Beatriz Rumeu, Mariano Devoto, Anna Traveset, Jens M. Olesen, Pablo Vargas, Manuel Nogales and Ruben Heleno

The ongoing rapid loss of biodiversity often entails replacement of disturbance-sensitive species by disturbance-tolerant ones and thus disruption of the ecosystem functions they provide. In this line, the loss of fruit-eating (frugivorous) animals may negatively affect the long-term persistence of the plant communities whose seeds they disperse. However, little is known on how the loss of frugivore richness and abundance affects the seed dispersal services provided to plants. Here we assessed the functional consequences of defaunation on a seed dispersal network from the Galápagos Islands under five simulated extinction scenarios based on current threats to the archipelago biota.

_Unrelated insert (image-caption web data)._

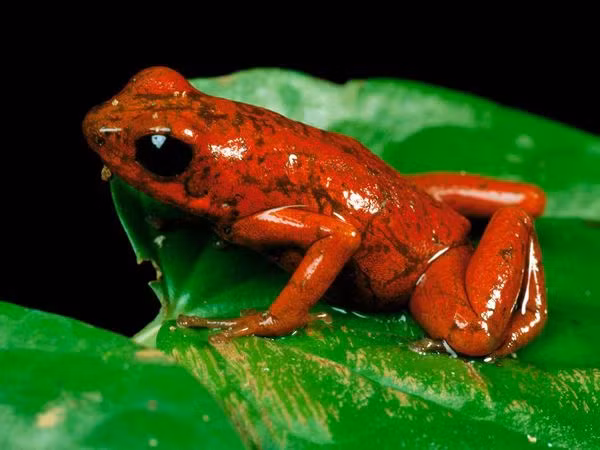  Ếch phi tiêu độc màu dâu tây không phải luôn có màu đỏ, một số trường hợp cá biệt mang màu sắc và hoa văn khác như màu xanh vàng. Loài ếch này thường sống ở những vùng đất thấp ẩm và các khu rừng rậm rạp.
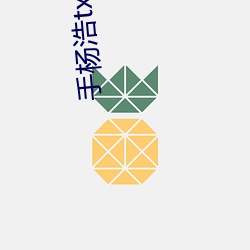 手杨浩txt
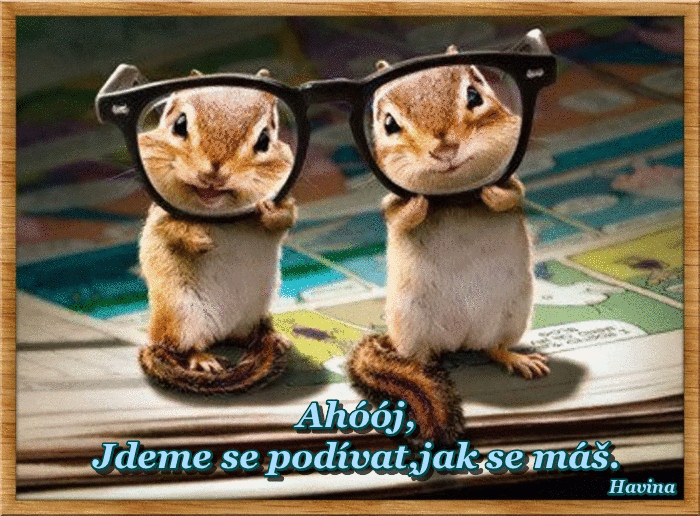 8ei-Q1jc-Qp-Io-P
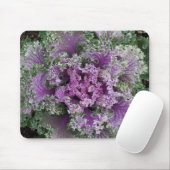 観賞用中葉キャベツ植物 マウスパッド (マウス)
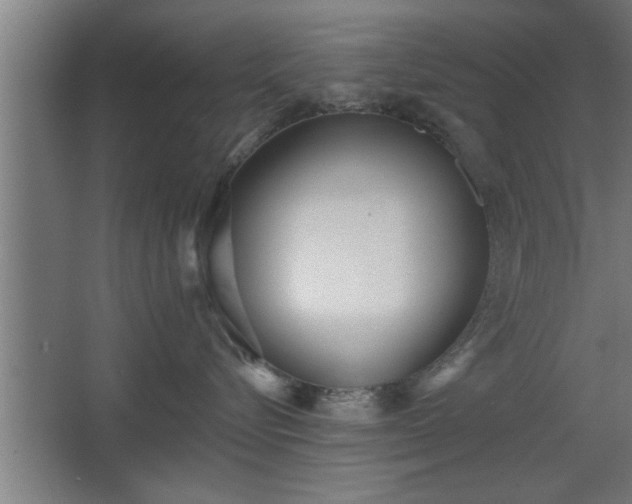 X0000068260576200604281529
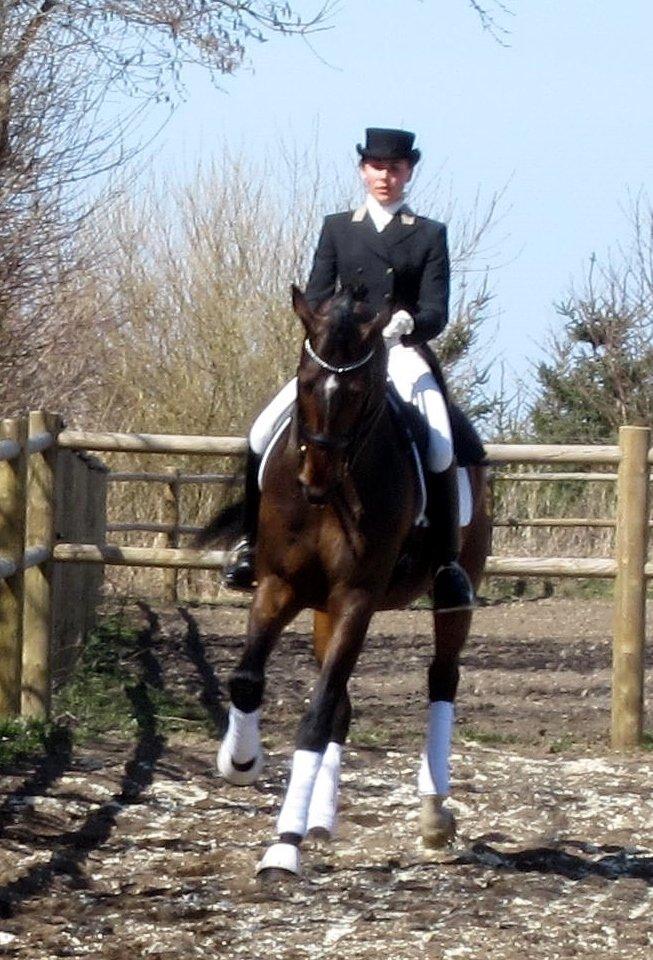 Bøgegårdens Laurino DVH 888 billede 184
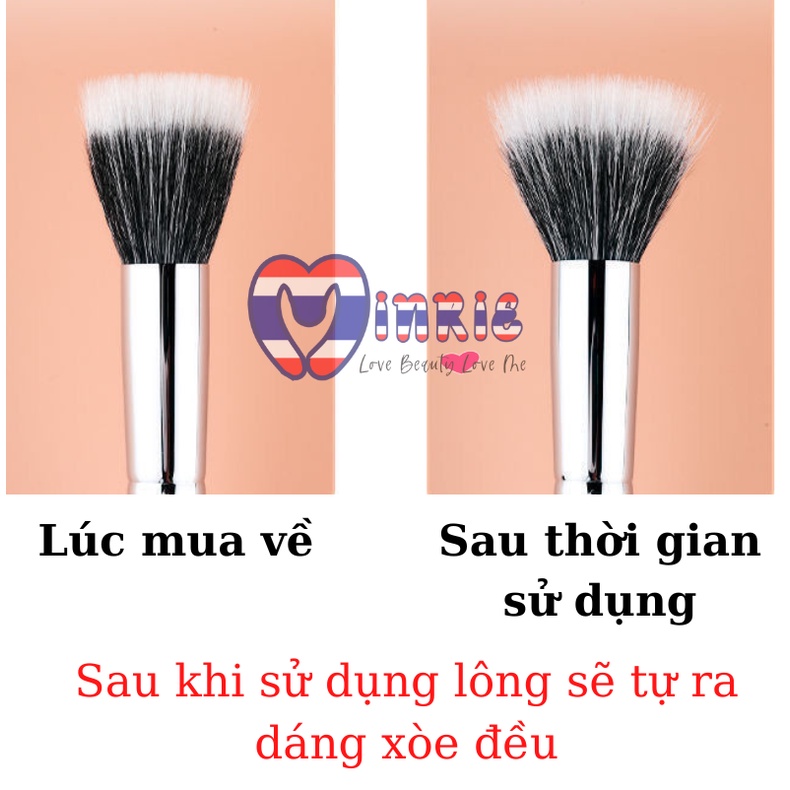 Cọ má hồng mẫu mới cho makup ửng hồng tán phấn đều tự nhiên cán nhựa lông mềm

We independently evaluated the consequences of declines in abundance and species richness of frugivores, assuming that when a particular species becomes extinct, the remaining species will compensate for such loss by increasing their own abundance. We found that both abundance and species richness of frugivores significantly affect the seed dispersal function, which we measured as the number of plant species dispersed after frugivore extinctions. Additionally, species richness becomes increasingly important as frugivore abundance declines. The sequence of animal extinctions also has profound implications for the service available to the plant community. In the Galapagos, abundant species with generalist diets like lava lizards can to a large extent mitigate the loss of more specialized dispersers. Yet, the early extinction of these key generalist frugivores can lead to the rapid collapse of seed dispersal services. Therefore, at the same time that generalist frugivores provide functional redundancy and secure high levels of seed dispersal, the identity of the species lost is also critical to understand the consequences for the number of plant species dispersed.

This study highlights that not only richness but also abundance of frugivores is an important, yet often neglected, driver of seed dispersal services. Hence, the coupled loss of animal abundance and richness can accelerate the loss of essential functions such as seed dispersal in degraded ecosystems.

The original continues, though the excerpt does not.